Even if you achieved such high resistance values, wouldn't measuring them accurately be hard to do ?

 
MrAl said:
Maybe 100M or 150M might start to show this 'other' problem, but the question is then we need a very large resistor value which im not sure we can get in real life. Maybe some reversed biased si diodes in parallel ?
Even if you achieved such high resistance values, wouldn't measuring them accurately be hard to do ?

Hi,

Yes measuring them accurately would be hard, but not impossible. Luckily though we dont really need to know the exact resistance. All we need to do is be able to *vary* it. Very it until we get the effect we think we might see.

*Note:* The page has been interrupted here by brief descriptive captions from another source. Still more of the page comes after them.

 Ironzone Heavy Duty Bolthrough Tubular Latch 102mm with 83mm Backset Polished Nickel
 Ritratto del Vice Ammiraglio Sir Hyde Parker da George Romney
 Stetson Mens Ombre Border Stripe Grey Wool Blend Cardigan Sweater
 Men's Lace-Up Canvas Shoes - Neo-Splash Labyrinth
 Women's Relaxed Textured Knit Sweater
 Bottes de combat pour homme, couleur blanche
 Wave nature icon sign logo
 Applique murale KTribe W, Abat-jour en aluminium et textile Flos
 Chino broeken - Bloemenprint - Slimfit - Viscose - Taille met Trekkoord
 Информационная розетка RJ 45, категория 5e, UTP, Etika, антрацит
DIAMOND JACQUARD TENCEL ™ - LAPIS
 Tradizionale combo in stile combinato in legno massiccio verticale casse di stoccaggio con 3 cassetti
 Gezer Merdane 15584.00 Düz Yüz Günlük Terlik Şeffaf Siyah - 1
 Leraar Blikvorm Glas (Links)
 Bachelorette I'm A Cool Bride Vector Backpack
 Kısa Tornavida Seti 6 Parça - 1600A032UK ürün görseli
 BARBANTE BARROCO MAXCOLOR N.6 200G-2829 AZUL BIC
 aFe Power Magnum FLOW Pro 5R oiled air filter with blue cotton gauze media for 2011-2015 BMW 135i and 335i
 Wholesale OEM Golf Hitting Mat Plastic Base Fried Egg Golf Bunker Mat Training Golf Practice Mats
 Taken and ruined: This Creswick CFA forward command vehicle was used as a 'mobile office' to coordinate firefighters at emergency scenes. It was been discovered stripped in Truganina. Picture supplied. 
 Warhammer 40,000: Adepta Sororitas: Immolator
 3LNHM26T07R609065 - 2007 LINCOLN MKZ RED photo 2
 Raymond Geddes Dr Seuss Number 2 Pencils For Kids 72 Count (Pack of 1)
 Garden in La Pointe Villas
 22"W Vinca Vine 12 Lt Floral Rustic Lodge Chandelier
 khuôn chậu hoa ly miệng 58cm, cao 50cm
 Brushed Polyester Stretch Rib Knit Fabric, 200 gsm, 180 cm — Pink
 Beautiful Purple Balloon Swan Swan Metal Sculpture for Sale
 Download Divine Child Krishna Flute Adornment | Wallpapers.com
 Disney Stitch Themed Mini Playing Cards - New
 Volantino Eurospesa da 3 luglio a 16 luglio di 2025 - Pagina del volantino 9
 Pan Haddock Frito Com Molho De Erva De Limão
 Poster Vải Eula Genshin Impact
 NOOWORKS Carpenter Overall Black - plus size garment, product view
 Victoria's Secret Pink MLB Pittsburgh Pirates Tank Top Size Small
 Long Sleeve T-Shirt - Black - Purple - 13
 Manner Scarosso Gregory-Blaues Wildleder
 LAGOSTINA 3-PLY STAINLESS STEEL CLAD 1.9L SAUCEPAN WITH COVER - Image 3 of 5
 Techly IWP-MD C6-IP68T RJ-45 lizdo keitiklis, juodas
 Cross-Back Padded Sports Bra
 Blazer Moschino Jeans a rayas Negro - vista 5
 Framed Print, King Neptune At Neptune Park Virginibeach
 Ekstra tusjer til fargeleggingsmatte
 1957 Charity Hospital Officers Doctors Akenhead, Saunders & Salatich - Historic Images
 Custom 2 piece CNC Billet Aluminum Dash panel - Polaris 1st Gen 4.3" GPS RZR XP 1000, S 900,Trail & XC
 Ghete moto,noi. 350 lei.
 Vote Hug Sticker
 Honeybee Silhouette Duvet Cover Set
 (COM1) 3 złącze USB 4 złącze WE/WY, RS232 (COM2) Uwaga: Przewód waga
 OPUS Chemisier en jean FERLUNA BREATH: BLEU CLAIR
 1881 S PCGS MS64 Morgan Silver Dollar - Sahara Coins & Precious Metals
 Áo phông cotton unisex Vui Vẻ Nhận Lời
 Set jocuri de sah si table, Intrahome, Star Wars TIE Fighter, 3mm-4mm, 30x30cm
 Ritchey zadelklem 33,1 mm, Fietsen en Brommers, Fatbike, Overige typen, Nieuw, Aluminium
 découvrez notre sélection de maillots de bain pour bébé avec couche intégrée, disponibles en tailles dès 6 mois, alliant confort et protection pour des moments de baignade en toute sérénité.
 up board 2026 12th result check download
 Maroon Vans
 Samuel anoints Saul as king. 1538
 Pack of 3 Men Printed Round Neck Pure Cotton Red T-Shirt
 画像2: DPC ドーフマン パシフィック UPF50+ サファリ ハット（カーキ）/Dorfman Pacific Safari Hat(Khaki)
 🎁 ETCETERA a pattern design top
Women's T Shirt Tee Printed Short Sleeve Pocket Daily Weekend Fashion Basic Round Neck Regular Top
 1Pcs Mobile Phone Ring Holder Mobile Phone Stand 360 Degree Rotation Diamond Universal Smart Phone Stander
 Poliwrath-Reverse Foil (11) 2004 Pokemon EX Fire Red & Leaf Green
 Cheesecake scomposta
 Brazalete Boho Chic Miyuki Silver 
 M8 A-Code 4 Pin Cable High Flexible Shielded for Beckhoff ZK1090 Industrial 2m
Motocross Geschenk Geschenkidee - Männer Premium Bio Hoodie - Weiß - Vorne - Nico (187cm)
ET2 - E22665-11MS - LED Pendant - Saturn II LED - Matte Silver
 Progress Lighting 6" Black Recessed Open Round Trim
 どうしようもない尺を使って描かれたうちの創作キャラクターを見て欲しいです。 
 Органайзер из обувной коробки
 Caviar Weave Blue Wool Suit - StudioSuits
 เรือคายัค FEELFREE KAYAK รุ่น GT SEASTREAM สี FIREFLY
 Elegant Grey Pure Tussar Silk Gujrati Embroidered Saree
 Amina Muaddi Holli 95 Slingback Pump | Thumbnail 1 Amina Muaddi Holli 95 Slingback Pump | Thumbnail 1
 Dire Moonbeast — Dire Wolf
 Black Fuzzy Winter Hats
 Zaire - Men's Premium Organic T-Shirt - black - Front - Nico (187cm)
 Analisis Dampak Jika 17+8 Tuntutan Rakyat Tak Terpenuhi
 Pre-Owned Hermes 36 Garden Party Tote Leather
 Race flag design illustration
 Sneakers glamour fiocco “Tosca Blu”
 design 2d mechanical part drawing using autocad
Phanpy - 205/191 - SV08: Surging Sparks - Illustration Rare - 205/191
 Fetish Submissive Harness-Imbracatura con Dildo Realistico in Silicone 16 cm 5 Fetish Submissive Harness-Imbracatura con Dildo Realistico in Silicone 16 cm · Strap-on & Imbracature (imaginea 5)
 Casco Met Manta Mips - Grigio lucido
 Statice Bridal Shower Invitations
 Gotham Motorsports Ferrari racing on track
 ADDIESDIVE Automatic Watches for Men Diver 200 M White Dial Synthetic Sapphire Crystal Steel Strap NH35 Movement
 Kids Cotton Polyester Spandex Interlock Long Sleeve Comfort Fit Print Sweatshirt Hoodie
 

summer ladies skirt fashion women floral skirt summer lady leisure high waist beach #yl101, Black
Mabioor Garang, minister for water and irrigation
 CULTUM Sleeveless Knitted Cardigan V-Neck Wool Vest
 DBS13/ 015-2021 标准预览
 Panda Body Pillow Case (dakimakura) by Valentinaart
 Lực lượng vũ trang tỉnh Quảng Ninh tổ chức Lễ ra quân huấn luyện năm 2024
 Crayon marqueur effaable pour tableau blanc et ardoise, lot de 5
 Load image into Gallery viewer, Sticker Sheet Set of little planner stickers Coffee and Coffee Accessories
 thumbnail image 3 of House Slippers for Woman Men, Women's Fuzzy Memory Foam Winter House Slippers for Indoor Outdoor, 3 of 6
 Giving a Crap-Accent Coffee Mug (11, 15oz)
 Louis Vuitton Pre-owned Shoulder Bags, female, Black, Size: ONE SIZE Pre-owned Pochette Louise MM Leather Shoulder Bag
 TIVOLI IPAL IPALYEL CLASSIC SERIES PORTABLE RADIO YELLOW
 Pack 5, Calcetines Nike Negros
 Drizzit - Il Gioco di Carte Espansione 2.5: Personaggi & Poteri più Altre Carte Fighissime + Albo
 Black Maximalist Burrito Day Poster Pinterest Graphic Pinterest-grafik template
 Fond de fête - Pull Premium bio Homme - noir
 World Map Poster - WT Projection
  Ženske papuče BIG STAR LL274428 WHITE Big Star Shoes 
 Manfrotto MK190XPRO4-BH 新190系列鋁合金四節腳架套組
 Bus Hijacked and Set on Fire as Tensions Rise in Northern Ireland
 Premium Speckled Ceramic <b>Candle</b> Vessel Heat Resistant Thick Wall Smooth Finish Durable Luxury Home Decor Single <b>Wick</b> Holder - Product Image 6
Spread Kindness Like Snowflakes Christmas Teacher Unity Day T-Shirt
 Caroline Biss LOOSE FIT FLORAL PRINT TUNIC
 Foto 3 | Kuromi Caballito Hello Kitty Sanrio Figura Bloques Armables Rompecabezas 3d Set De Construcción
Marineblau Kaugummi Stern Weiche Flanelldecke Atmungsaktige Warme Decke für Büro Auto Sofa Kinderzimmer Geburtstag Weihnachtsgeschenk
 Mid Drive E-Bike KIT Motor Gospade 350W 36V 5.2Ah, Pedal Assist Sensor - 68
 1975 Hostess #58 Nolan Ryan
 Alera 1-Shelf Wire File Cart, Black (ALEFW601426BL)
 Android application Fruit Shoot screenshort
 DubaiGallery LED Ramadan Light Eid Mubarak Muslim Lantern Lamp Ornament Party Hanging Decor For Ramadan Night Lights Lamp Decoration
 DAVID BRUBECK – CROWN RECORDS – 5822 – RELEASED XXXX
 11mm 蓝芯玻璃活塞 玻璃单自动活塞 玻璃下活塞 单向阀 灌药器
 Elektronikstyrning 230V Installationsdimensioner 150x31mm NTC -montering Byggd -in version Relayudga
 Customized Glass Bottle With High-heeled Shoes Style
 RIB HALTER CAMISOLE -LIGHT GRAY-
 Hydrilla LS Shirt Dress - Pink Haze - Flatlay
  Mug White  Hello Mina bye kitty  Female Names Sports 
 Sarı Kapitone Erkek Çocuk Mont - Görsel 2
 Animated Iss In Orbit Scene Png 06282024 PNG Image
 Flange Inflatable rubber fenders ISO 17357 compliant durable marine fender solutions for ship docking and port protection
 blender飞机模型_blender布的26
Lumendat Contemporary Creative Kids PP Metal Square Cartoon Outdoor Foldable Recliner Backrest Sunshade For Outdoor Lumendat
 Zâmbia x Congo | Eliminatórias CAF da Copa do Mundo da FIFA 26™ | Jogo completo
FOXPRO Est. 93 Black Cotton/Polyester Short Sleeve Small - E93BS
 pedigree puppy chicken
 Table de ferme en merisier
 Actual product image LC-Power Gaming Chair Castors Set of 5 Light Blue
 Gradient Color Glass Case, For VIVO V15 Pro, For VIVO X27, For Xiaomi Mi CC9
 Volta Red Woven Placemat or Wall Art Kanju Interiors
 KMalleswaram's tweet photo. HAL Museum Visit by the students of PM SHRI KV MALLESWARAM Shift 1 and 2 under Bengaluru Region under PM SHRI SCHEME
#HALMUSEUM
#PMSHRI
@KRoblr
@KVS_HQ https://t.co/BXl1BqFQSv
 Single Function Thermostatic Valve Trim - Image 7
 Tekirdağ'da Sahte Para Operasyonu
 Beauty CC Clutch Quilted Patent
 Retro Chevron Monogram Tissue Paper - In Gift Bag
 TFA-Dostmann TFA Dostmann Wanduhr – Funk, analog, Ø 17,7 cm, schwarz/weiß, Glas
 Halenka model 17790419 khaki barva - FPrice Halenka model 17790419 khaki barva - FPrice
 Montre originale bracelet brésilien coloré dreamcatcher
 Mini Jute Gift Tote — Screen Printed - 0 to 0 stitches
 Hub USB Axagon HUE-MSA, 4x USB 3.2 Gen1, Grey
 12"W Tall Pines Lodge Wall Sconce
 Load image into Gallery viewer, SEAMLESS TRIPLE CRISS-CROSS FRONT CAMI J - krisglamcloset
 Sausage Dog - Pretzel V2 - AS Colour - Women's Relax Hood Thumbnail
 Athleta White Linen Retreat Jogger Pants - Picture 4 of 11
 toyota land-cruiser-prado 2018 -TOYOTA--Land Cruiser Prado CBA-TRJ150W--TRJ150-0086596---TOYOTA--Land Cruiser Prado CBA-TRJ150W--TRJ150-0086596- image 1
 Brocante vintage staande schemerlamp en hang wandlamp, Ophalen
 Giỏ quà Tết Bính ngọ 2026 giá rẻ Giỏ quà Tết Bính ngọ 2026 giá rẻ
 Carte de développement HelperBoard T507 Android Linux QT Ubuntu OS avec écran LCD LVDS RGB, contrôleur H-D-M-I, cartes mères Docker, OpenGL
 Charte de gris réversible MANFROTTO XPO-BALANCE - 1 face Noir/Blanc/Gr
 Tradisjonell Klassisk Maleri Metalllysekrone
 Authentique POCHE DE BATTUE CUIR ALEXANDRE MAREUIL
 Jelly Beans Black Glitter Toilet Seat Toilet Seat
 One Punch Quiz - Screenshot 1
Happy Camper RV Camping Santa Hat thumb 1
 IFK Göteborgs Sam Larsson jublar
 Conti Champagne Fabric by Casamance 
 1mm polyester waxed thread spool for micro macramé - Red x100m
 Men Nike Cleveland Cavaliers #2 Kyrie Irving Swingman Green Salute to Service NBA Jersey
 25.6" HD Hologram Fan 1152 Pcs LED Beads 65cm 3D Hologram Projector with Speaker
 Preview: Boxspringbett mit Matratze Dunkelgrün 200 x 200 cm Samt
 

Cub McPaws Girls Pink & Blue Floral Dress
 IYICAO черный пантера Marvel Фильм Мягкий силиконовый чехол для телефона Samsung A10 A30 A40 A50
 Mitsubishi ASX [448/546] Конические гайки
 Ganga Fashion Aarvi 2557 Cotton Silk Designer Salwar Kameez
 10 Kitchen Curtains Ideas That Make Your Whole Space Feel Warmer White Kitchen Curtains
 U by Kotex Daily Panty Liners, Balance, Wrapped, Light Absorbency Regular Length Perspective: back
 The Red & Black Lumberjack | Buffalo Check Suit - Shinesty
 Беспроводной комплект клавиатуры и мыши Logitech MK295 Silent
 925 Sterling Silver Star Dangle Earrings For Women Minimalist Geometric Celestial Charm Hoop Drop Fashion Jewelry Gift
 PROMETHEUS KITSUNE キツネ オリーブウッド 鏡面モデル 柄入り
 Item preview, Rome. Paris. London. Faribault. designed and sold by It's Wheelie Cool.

So i suggested maybe reverse biased diodes in parallel, maybe one, maybe two, three, four, etc., and see if we can ever get the output of the circuit to change state. That would tell us that in real life a bad resistor within some range could really look *almost* like the original problem, although it wont be exact because we are pretty sure of that from theory.

We really just might find it interesting to see if we can *ever* get this to happen. From theory though we know we need a very large resistance, if it will ever happen at all.

The largest actual resistors i own at the present time are 20 megohms, 1/4 watt. Ten of these in series might start to show the effect, or something like that. We have to get the current OUT of the input of the op amp to form a voltage that is sufficient to trip the comparator state, and that current is small so we need a large resistance.

There's no guarantee that this will work, but it would be interesting to try higher values 80Megohms and higher, up to maybe 200Megohms, as long as we want to try it anyway. But we do need a high enough resistance to do the test right. 20Megohms is not high enough to test this idea.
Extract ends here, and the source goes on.